Note: Concurrent next calls are still not a supported contract (downstream behaviors may not be thread-safe for shared context mutation), but the pipeline engine itself no longer has mutable traversal state.

Implementation Details

Build-Time Composition

// PipelineInvoker.cs
public static Func<IBehaviorContext, Task> Build(IReadOnlyList<RegisterStep> steps)
{
    if (steps.Count == 0)
        return CompletedRoot;

    InvokerNode? next = null;
    for (var i = steps.Count - 1; i >= 0; i--)
    {
        next = CreateInvokerNode(steps[i], i, next);
    }

    return next!.Invoke;
}

Reverse composition: Build from end to start so each node can reference the already-built continuation.

Delegate Caching

static Func<TOutContext, Task> CreateNext<TOutContext>(InvokerNode? next)
    where TOutContext : class, IBehaviorContext =>
    next is null ? CompletedNextCache<TOutContext>.Next : next.Invoke;

static class CompletedNextCache<TOutContext> where TOutContext : class, IBehaviorContext
{
    public static readonly Func<TOutContext, Task> Next = _ => Task.CompletedTask;
}

Key optimization: next.Invoke is a bound method-group delegate, not a closure.

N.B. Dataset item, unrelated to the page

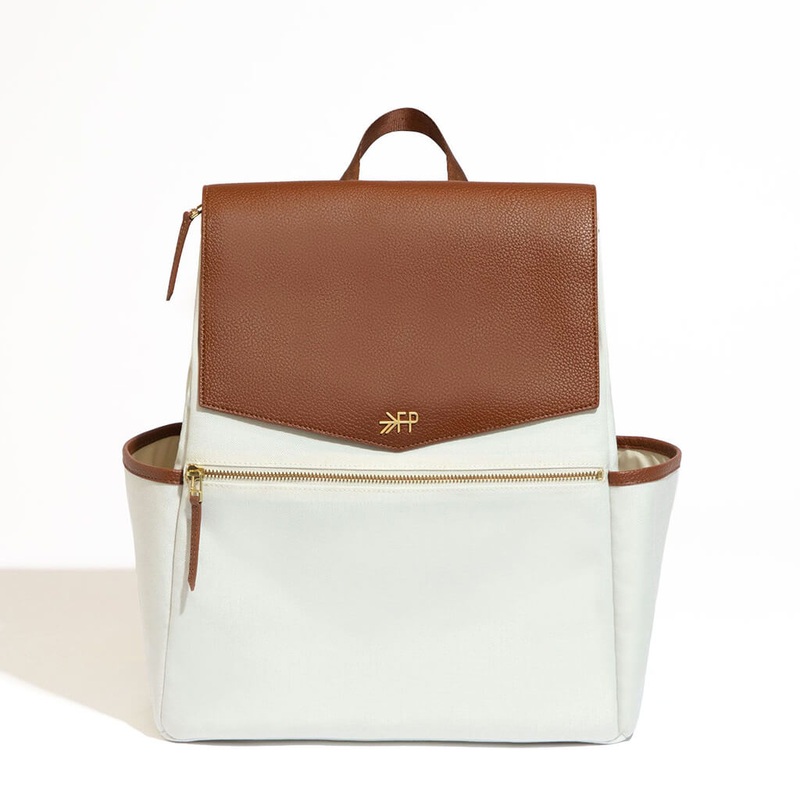 4.1 inch (10 cm) Round Ceramic Pots with Rim – Pack of 4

This is critical because the earlier implementation had context => next.Invoke(context), which allocated per invocation.

Context Integration

// Pipeline.cs
public Task Invoke(TContext context)
{
    context.Extensions.Initialize(behaviors, invoker);
    return context.Extensions.Invoker(context);
}

// ContextBag.cs
internal void Initialize(IBehavior[] withBehaviors, Func<IBehaviorContext, Task> withInvoker)
{
    behaviors = withBehaviors;
    Invoker = withInvoker;
}

[MethodImpl(MethodImplOptions.AggressiveInlining)]
internal IBehavior<TInContext, TOutContext> GetBehavior<TInContext, TOutContext>(int index)
    where TInContext : class, IBehaviorContext
    where TOutContext : class, IBehaviorContext =>
    Unsafe.As<IBehavior<TInContext, TOutContext>>(Unsafe.Add(ref MemoryMarshal.GetArrayDataReference(behaviors), index))!;

Behaviors and invoker are set on the context once per invocation, enabling indexed access without closures.

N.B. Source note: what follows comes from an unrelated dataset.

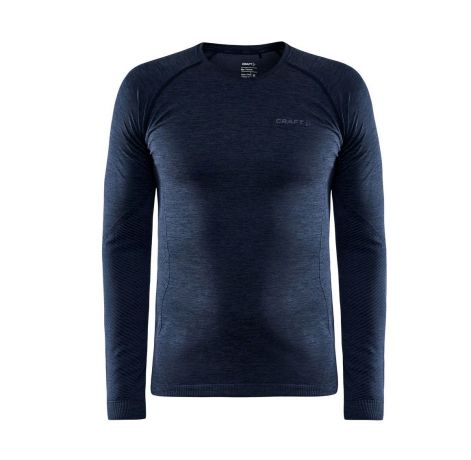 Термофутболка Craft Core Dry Active Comfort LS Blaze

Pipeline Extensibility Constraints

The core pipeline architecture constrains extensibility in specific ways:

What IS Possible via Public API

Replace existing stage connectors using PipelineSettings.Replace() (StageConnector<TFrom,TTo> is public)
Replace existing stage fork connectors (StageForkConnector is public)
Register behaviors within existing stages using built-in context types
Implement custom behaviors targeting supported context transitions

What is NOT Possible

Create new custom stages (StageConnector<ICustomContext, IAnotherContext>)
Create new custom stage forks
Any pipeline topology changes beyond replacing existing connectors

Why Custom Stages Are Blocked

BehaviorContext is internal: Without inheriting from it, custom context implementations cannot participate in the pipeline's ContextBag hierarchy.
Factory methods are hardcoded: ConnectorContextExtensions provides public factory methods only for built-in context types (CreateRoutingContext(), CreateDispatchContext(), etc.). No generic factory exists for custom contexts.
Context implementations are internal: All concrete context types (IncomingPhysicalMessageContext, DispatchContext, etc.) inherit from BehaviorContext and are internal.
Invoker node creation is closed: PipelineInvoker.Factory.cs contains switch expressions for all known stage transitions. Adding a new stage requires modifying this internal code.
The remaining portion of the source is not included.